What is Disability Insurance?

Disability Insurance, also known as DI, disability income insurance, or income protection, is a type of insurance that protects the beneficiary’s earned income against the risk of a disability that may prevent them from performing the core functions of their work. This may include an inability to maintain composure due to psychological disorders or physical impairment or incapacity to work due to an injury, illness, or condition. Disability insurance encompasses paid sick leave, short-term disability benefits (STD), and long-term disability benefits (LTD).

In the US, statistics show that a disabling accident occurs on average once every second. Nearly 18.5% of Americans are currently living with a disability, and 1 out of every 4 persons in the US workforce will suffer a disabling injury before retirement.

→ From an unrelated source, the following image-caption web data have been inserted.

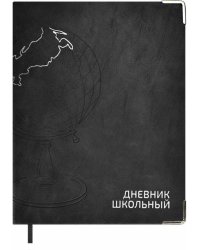 Дневник школьный. Глобус черный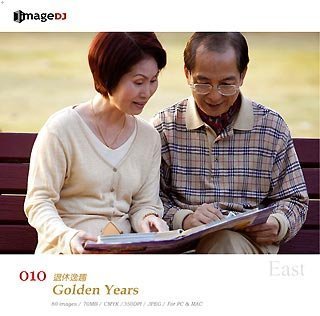 EAST vol.10 安心老後 Golden Years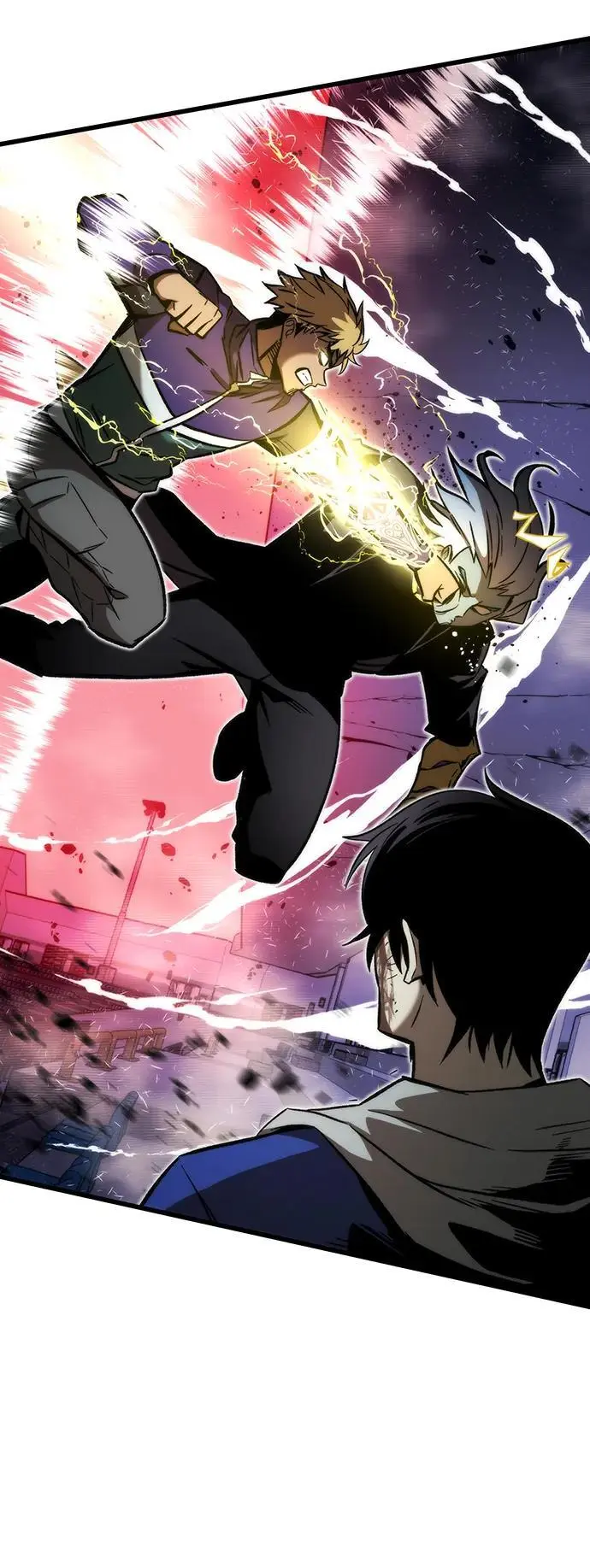 [第99话] 游戏幻想 第78页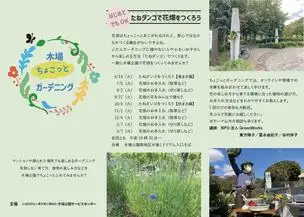 R4_ちょこっとガーデニング1_01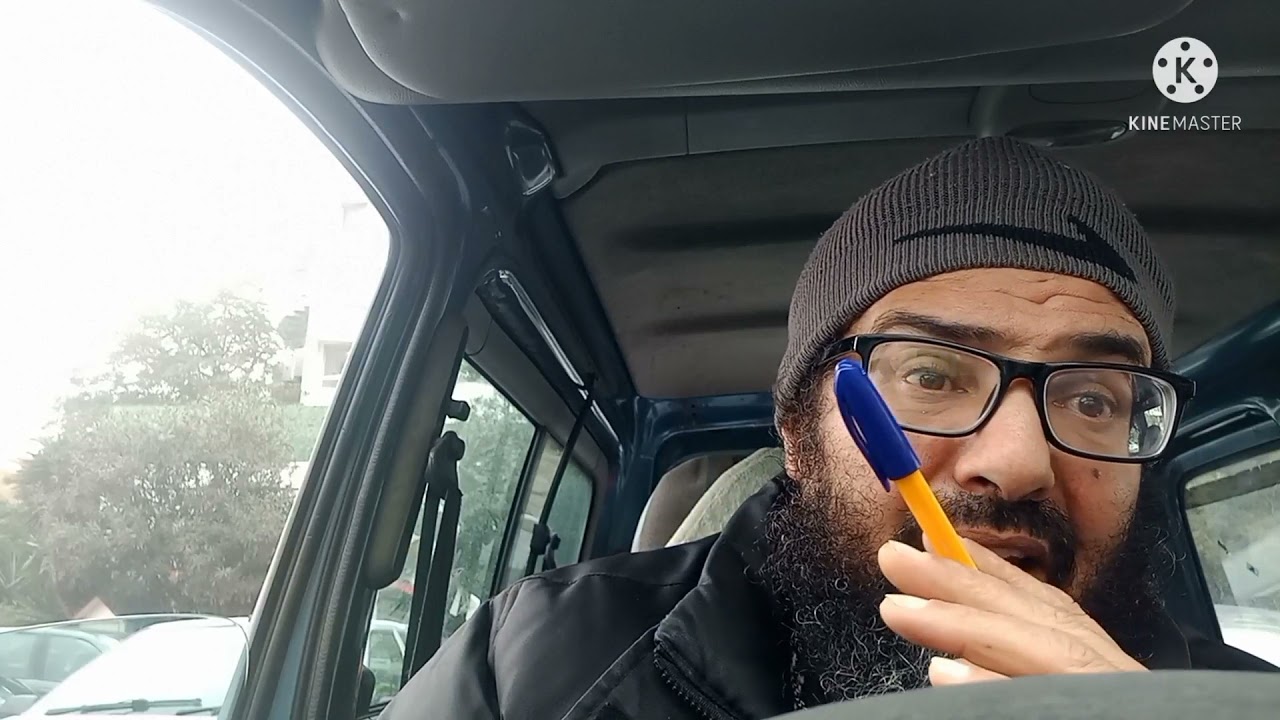 سلسلة تكوينية: الميغابكتيريا التعريف والتشخيص ثم الوقاية والعلاج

There are several types of disability insurance, including:

  1. Individual Disability Insurance: This type of insurance is available for those whose employers do not provide benefits and for self-employed individuals who desire disability coverage. Premiums and available benefits for individual coverage vary considerably between companies, occupations, states, and countries. In general, premiums are higher for policies that provide more monthly benefits, offer benefits for longer periods of time, and start payments of benefits more quickly following a disability claim. Premiums also tend to be higher for policies that define disability in broader terms.
  2. High-limit Disability Insurance: This type of insurance is designed to keep individual disability benefits at 65% of income regardless of income level. Coverage is typically issued supplemental to standard coverage and can provide benefits ranging from an additional $2,000 to $100,000 per month. Single policy issue and participation coverage has gone up to $30,000 with some companies.
  3. Key-person Disability Insurance: This type of insurance provides benefits to protect a company from financial hardship that may result from the loss of a key employee due to disability. The company can use the benefits to hire a temporary employee if the disabled employee’s disability appears to be short-term or to help defray costs related to hiring a replacement in the case of permanent disability.
  4. Business Overhead Expense Disability Insurance: This type of insurance reimburses a business for overhead expenses should the owner experience a disability. Eligible benefits include rent or mortgage payments, utilities, leasing costs, laundry/maintenance, accounting/billing and collection service fees, business insurance premiums, employee salaries and benefits, property tax, and other regular monthly expenses.